The CSS Flexible box module level 3 — or Flexbox for short — brings with it a lot of power and some very exciting possibilities for web development, allowing us to put together complex site layouts easily and rapidly, and dispensing with some of the illogical hacks and kludges that we’ve traditionally used. I dealt with the basics of Flexbox in my article Flexbox: fast track to layout nirvana? In this article I will go a bit further, looking at a more advanced example, and using Modernizr to serve different styles to browsers with differing levels of flexbox support, providing the best level of cross browser support currently available.

Introducing the example

The example I have built for this article looks like Figure 1:

An image of the final layout example
Figure 1: An image of the final layout example

This has multiple levels of flexboxes contained within it. You can view the example live if you wish, and read on to explore the code in more detail.

The overall layout

The basic layout of the site is like this:

<section>
	<nav></nav>
	<article></article>
	<article></article>
</section>

The <section> is set to display as a flexible box like so:

section {
	display: -ms-flexbox;
	-ms-box-orient: horizontal;

	display: -webkit-flex;
	display: -moz-flex;
	display: -ms-flex;
	display: flex;

	-webkit-flex-flow: row wrap;
	-moz-flex-flow: row wrap;
	-ms-flex-flow: row wrap;
	flex-flow: row wrap;
}

Note: Different IE-specific properties are specified at the top of the rule because IE10 currently supports different flexbox syntax (from 2011) to the latest spec supported by Opera and Chrome. What makes it worse is that Firefox and other WebKit browsers (like Safari) support an even older version of the syntax (from 2009). And to top it off, Modernizr reports IE10 as supporting modern flexbox, even though it doesn’t, therefore we need to deal with IE10 like this, rather than in a Modernizr rule. See below, in the Intelligent fallbacks for flexbox section for more details and clarification.
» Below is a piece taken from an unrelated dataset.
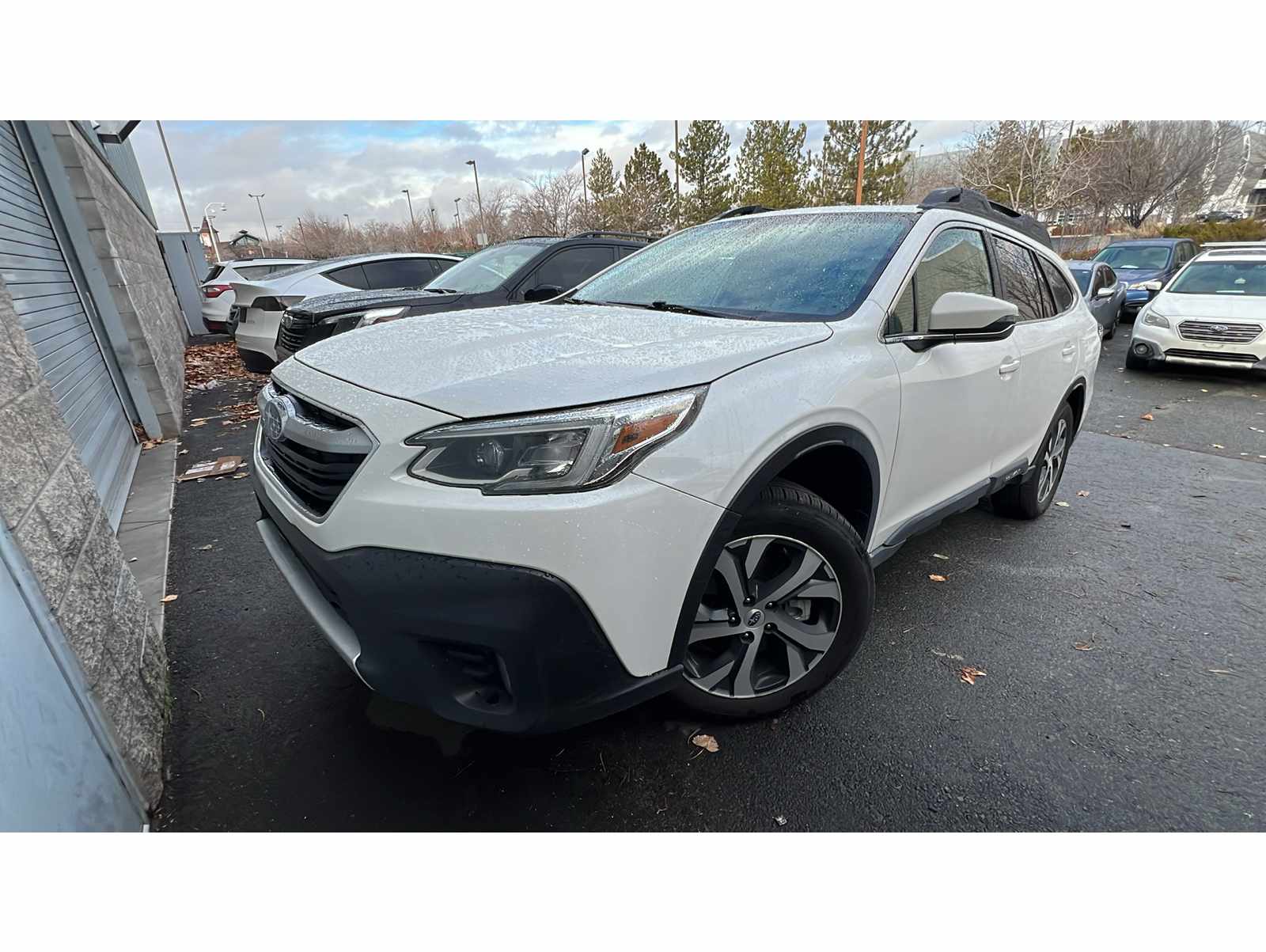 2022 Subaru Outback Limited's photo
I am making the flow horizontal, but forcing the <nav> to sit on its own line using the following rule:

nav {
	padding: 1rem;
	-webkit-flex: 1 100%;
	-moz-flex: 1 100%;
	-ms-flex: 1 100%;
	flex: 1 100%;
}

Setting flex-basis to 100% makes it take up 100% of the width of its parent, forcing the other flexbox children to wrap onto a new line. The <article>s are set with flex-grow values as follows:

article:nth-of-type(1) {
	-webkit-flex: 2;
	-moz-flex: 2;
	-ms-flex: 2;
	flex: 2;
}

article:nth-of-type(2) {
	-webkit-flex: 3;
	-moz-flex: 3;
	-ms-flex: 3;
	flex: 3;
}

They will take up that proportion of the space on the line they are sat on — the first <article> spanning 40%, or 2/5ths of the width, and the second <article> (the image container) spanning 60%, or 3/5ths of the width. This is worth remembering — the proportion values constitute a proportion of the space only on the line the item is sitting on, not all lines the children are sat on.
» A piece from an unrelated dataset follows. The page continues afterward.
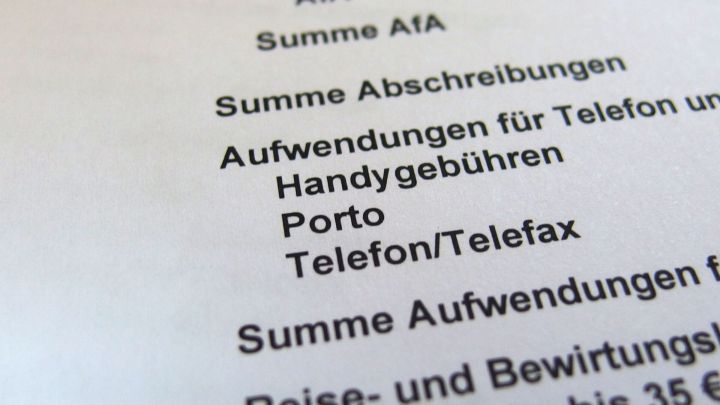 Ein Dokument zeigt eine Liste von Absetzungen, darunter Telefonkosten und Porto, zur Steuerkl&auml;rung.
Note: The flex-basis values, when specified, are applied to the flexbox child elements first; after that, the space left over in the parent is divided up between the children according to the flex-grow proportion values. When a flex-grow value is not set explicitly, like in the nav ruleset above, it defaults to 1. For more information on how these work, read the “Making your elements flex” section of my Flexbox — fast track to layout nirvana? article.

Child flexboxes

When you set an element to be laid out as a flexible box, it will only flex its immediate children, and not further descendants. But there is nothing to stop you making those descendants flexible boxes as well, enabling some really complex layouts! Here, I have set the <nav> to be a flexbox as well, so I can center it effectively without having to worry about how wide it is:

nav {
	display: -ms-flexbox;
	-ms-box-orient: horizontal;
	-ms-box-pack: center;

	display: -webkit-flex;
	display: -moz-flex;
	display: -ms-flex;
	display: flex;

	-webkit-justify-content: center;
	-moz-justify-content: center;
	-ms-justify-content: center;
	justify-content: center;
}

Then I’ve made <ul> a flexible box as well and wrapped and centered its children, the <li>s:

nav ul {
	text-align: center;

	display: -ms-flexbox;
	-ms-box-orient: horizontal;
	-ms-box-pack: center;

	display: -webkit-flex;
	display: -moz-flex;
	display: -ms-flex;
	display: flex;
	-webkit-flex-flow: row wrap;
	-moz-flex-flow: row wrap;
	-ms-flex-flow: row wrap;
	flex-flow: row wrap;
	-webkit-justify-content: center;
	-moz-justify-content: center;
	-ms-justify-content: center;
	justify-content: center;
	width: 80%;
}

nav a {
	width: 100%;
}

I have also added a few other properties to sort out the look of those navigation items. I want the <ul> to not quite stretch all the way across the screen and have all text centered, so I’ve set width: 80% and text-align: center; I’m also making sure the anchors span the whole width of the <li>s, with width: 100%.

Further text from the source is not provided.